Las Vegas Sun

April 25, 2024

Courts:

System sees threat in judge’s bid for pension

District Judge Doug Smith is suing the Nevada Public Employees Retirement System because he wants to collect retirement pay while drawing his $160,000 salary.

Smith is asking that one of his fellow judges order the system to start paying him his pension. Smith has contributed to the retirement system for nearly 24 years, the past 15 as a Las Vegas justice of the peace.

The system’s executive director, Dana Bilyeu, said Smith’s legal challenge “is of great concern to us” because it has potential to disrupt the way the entire $19 billion state retirement system operates.

In the five-page suit he filed last week in District Court, Smith said the seven-member retirement system board, after a hearing on March 19, denied his request to collect his pension. Smith has sought to retire from public employees system and start contributing to the separate Judicial Retirement System for district judges.

The basis for denial, he wrote, was that the board had no authority to grant his request because on the date the system received his application, he had already started his new job as an elected member of District Court.

Bilyeu said that what Smith wants to do is permissible as long there is a break of at least one day between the two jobs — but that didn’t occur in his case.

“His last day of service in Justice Court was one day, and the next day he was in District Court,” Bilyeu said. “The rules don’t allow for that.”

If Smith prevails, she said, it could force the system to operate outside of its strict statutory provisions and jeopardize its standing with the IRS. And that could have a profound effect on how it oversees benefits for about 106,000 state employees, she added.

Smith, however, said in his suit that he is unaware of any statute that disqualifies him from receiving retirement benefits while he is on the District Court bench.

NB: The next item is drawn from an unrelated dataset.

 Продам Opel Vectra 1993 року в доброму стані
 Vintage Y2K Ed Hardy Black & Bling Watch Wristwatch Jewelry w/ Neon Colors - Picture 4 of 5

He contends the retirement system board incorrectly interpreted the law, that it does not hinge on the timing of his last day of work.

Before his retirement from Justice Court, he noted, he had informed the retirement system both verbally and in writing that he intended to collect his public employment retirement benefits while a district judge.

“At no time was Judge Smith informed that there was a deadline or time element involved in his filing of his application for retirement,” he wrote.

Smith said that on Jan. 5, the day he became a district judge, he asked about his retirement papers and was told to fax them to, which he did. He said he faxed the papers a second time on Jan. 7 after an official told him the system had not received them.

Then, on Jan. 20, Smith wrote, he was “shocked” to learn that his application was being denied because he had missed a deadline for submitting his application. The retirement system board.

“There exists a justifiable controversy between Judge Smith and the board regarding the correct interpretation of the PERS statutes and other laws and regulations binding on the board,” Smith wrote.

Whether a visiting judge will be needed to hear the case remained unclear Monday afternoon.

The case was initially assigned to District Judge Valorie Vega, but she indicated through a spokeswoman Monday that she planned to recuse herself.